Элеонор в гневе вскочила. Я пошел к себе и на всякий случай закрыл дверь на замок. Снаружи что-то разбилось, раздался какой-то грохот, затем хлопнула входная дверь. Вот мерзавка. Видимо, это древняя китайская ваза в гостиной. Утром мисс Лили будет волноваться…
Я упал в кресло возле камина, схватившись за голову. Как же мне хотелось придушить эту прицепившуюся колючку и себя заодно.
Я знаю, что это по ее вине Джил решила уйти!
Душу вновь разбередили слова о «смерти» жены. Я глубоко вздохнул, но это не избавило от боли в груди.
Свет внешне сочувствовал моей потере, сказались старания пожилых матрон, виконтессы Клифтон и графини де Вер, представить наш брак в самых романтических тонах. Но в результате безумного одиночества я теперь с большим рвением искал утешения в картах. Пьяный, проигрывал столько, что это стал притчей во языцех.

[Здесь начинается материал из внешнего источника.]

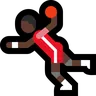 Person Playing Handball: Dark Skin Tone Emoji 🤾🏿 image - Microsoft Windows 10 Segoe UI Emoji style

Сколько лет я чинно придерживался рамок приличного поведения, как того требовало общество! Отец своими скандальными проигрышами навлек позор на нашу семью, так что после его смерти я всеми силами старался возродить состояние и родовую честь Инсбруков. После окончания войны с Наполеоном и продажи офицерского патента я проводил по полгода в тихом уединении родового поместья, пытаясь восстановить проигранное наследство. А появляясь в Лондоне, старался вести себя так, как подобает высокородному графу. А тут, сорвавшись словно с цепи, взялся порочить доброе имя и безупречную репутацию, благодаря которой в свете забыли о бесчинствах отца и деда, хотя последние события показали, что слухи об их скандальных похождениях живы и по сей день.
«Отца он уже переплюнул!»
«Кровь свое взяла! Я никогда и не сомневался…»

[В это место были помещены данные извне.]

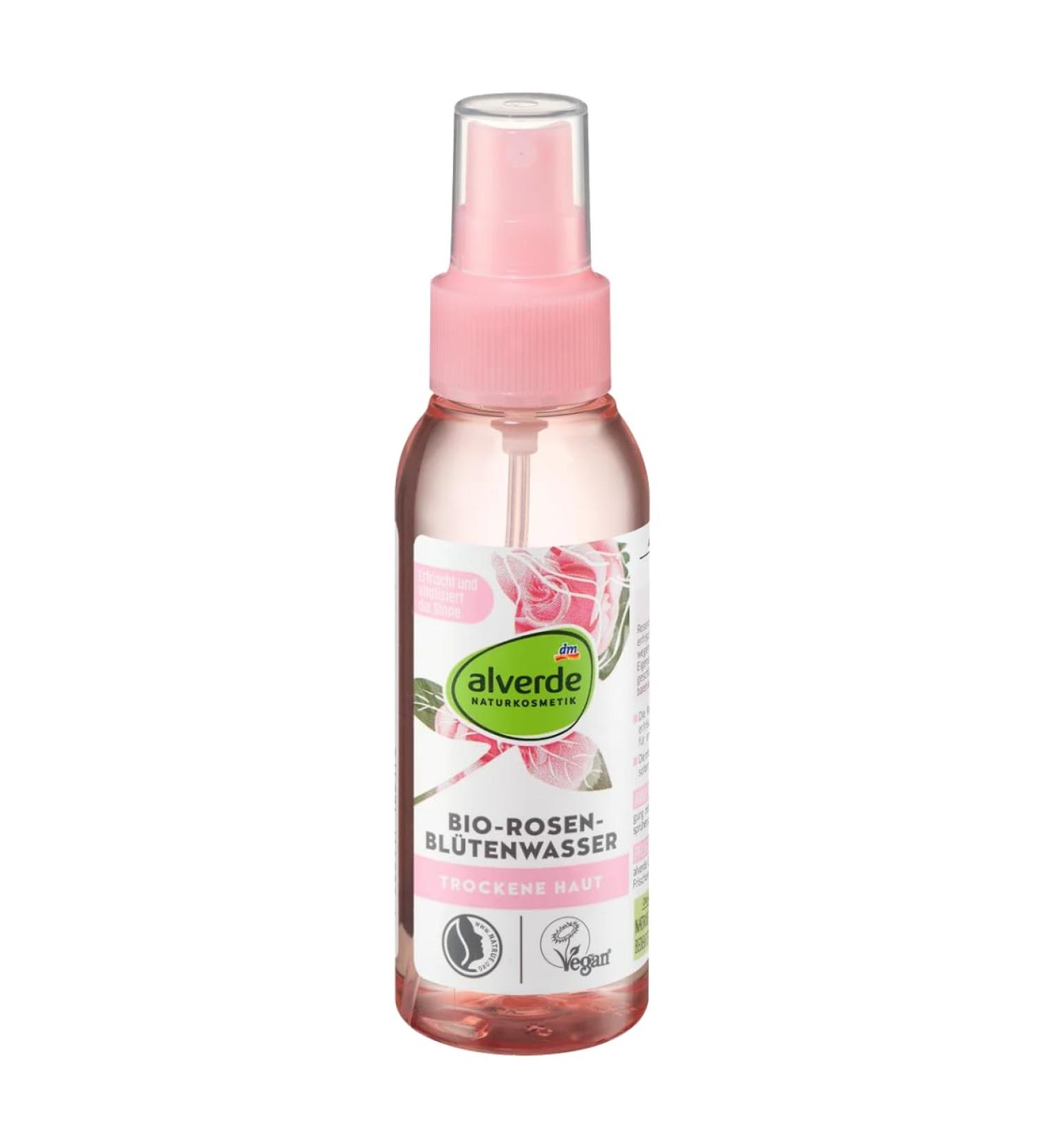 alverde NATUURKOSMETIK Rose blossom water 100 ml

«А что вы хотели, с таким отцом и дедом?!»
Случались моменты, особенно в темные, бессонные предрассветные часы, когда внутри у меня все бушевало — эдакий кипящий котел из ярости, замешательства, обиды и ненависти к себе и Джил…
Матушка поседела, пытаясь вернуть меня к жизни, но все напрасно.

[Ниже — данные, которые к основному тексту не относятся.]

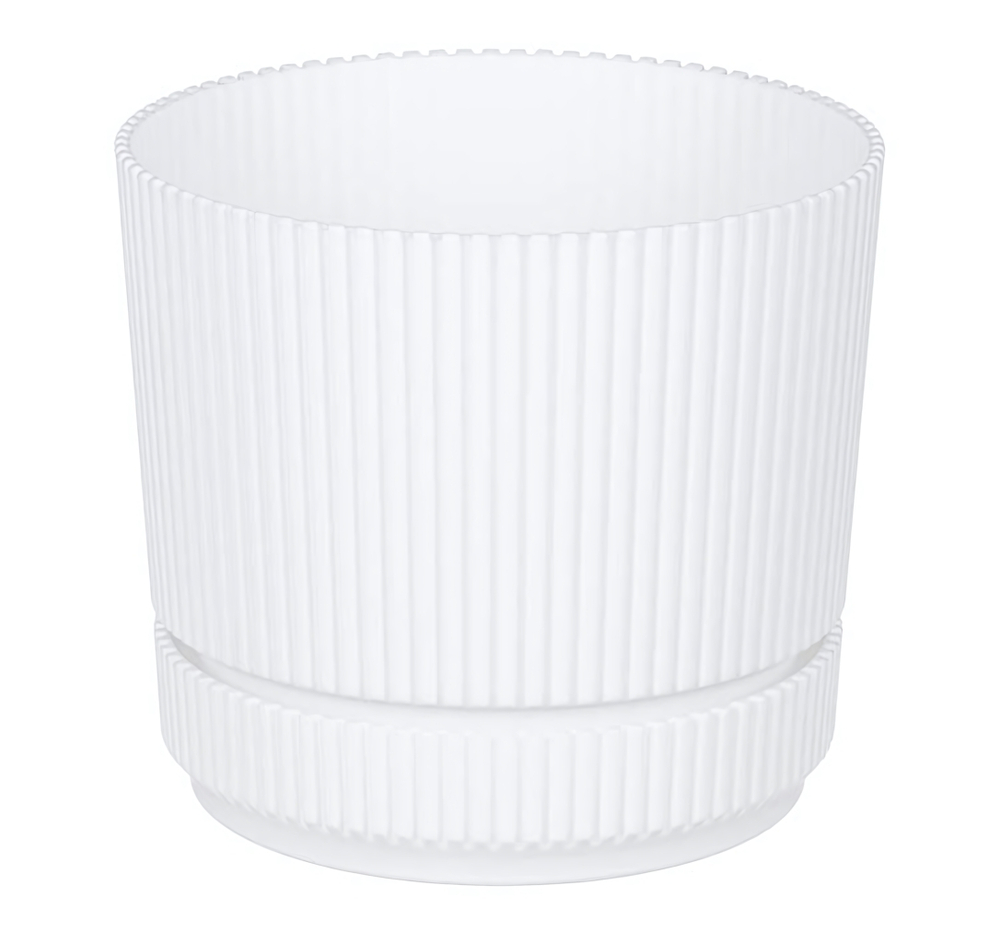 Кашпо СТРИП круглое D=140мм 1,3 л с поддоном М3246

Однажды после особенно пьяной ночи, свалившись на пол, я нашел под матрасом картинку из альбома, нарисованную Джил. Там был изображен я. На коне. Она с такой любовью вывела каждый штрих, что эта картинка буквально согрела меня. Рассматривая свой портрет, я видел ее. Как она разговаривала, как лихо скакала на лошади, как рисовала, как с любовью целовала меня, как ласково щебетала с бабушкой…
Я взглянул в зеркало.
Боже! Во что я превратился: глаза налились кровью так, что не поймешь, какого они цвета, лицо стало землистым, как у мертвеца. Под глазом наливается синяк — последствие то ли драки, то ли неудачного падения… Не помню.
Надо что-то делать! Я встал и подошел к камину, на котором в шкатулке с драгоценностями жены лежали те теплые жемчужины.
Эпилог
Дул холодный ветер, вздымавший огромные гневные волны.